Países da África enfrentam situações de vida mais pobres e difíceis. Talvez a partir deste pretexto, na República Democrática do Congo e em países vizinhos, o governo dos Estados Unidos faz prospecção de petróleo e várias empresas multinacionais desenvolveram minas de diamantes. Pagam ao governo local preços irrisórios pela ocupação da terra e dão trabalho a moradores locais por um prato de comida ou por uma taxa mínima, pago ao governo e não aos trabalhadores. Estes não vêem salário, mesmo se se matam em um trabalho pesado e realizado em condições de risco. Neste contexto, compreendemos por que a ONU faz questão, cada ano, de dedicar o 23 de agosto como “dia internacional da lembrança do tráfico de escravos e de sua abolição”. Não se trata apenas da recordação triste de um passado distante, hoje, superado. Ao contrário, os organismos internacionais calculam que quatro milhões de seres humanos, atualmente, são vítimas do tráfico de escravos. No Darfur e em alguns países da África, mercadores de escravos ainda se concentram nas fronteiras para vender crianças de oito a doze anos, por 500 ou 1000 dólares cada uma. Nos países da antiga União Soviética e na Europa Oriental, mulheres e moças de menor idade são seqüestradas e levadas para ser escravas sexuais nas estradas da Espanha, Itália e da França.
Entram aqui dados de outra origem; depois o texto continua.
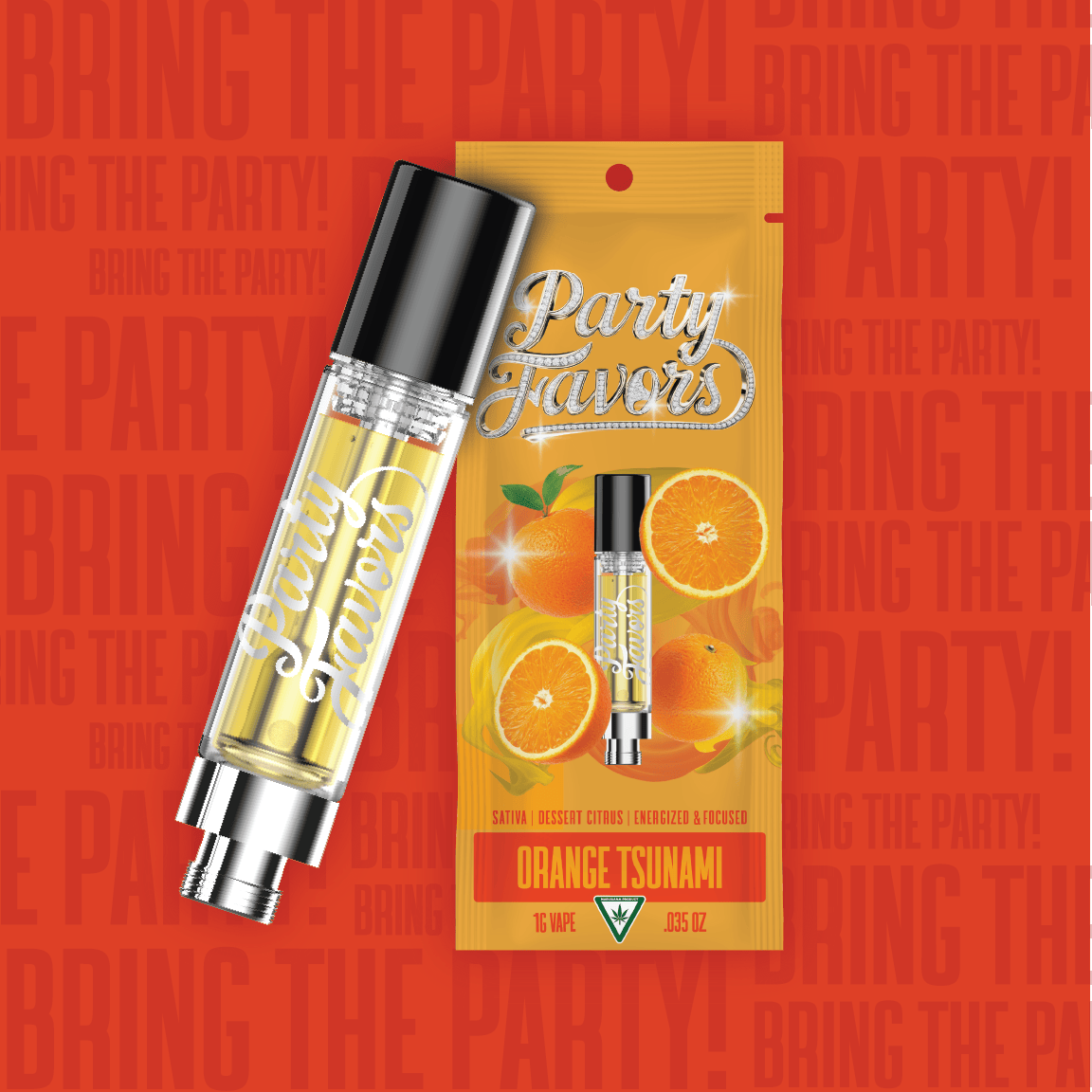 Party Favors | Orange Tsunami | Cartridge | 1g at Mint Cannabis - Buchanan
Nesse tráfico, o preço por uma pessoa pode chegar até 30 mil dólares. Assim, esse negócio macabro gera até 12 bilhões de dólares por ano. E, infelizmente, o Brasil é dos países mais envolvidos neste comércio de seres humanos para a Europa.

Entre nós, a escravidão no campo ainda é atual em fazendas do interior, nas quais, cada ano, descobrem-se peões, trazidos de regiões longínquas para trabalhar sob ameaça de armas ou a pagar dívidas que nunca poderão saldar. A Pastoral da Terra e organismos do Ministério do Trabalho, assim como o Movimento dos Trabalhadores sem Terra (MST) têm contado com a política federal para prender pessoas inescrupulosas que cometem este crime. Estes organismos de defesa do trabalhador denunciam publicamente estes casos e, principalmente lutam no Congresso pela desapropriação imediata de fazendas escravistas para fins de reforma agrária.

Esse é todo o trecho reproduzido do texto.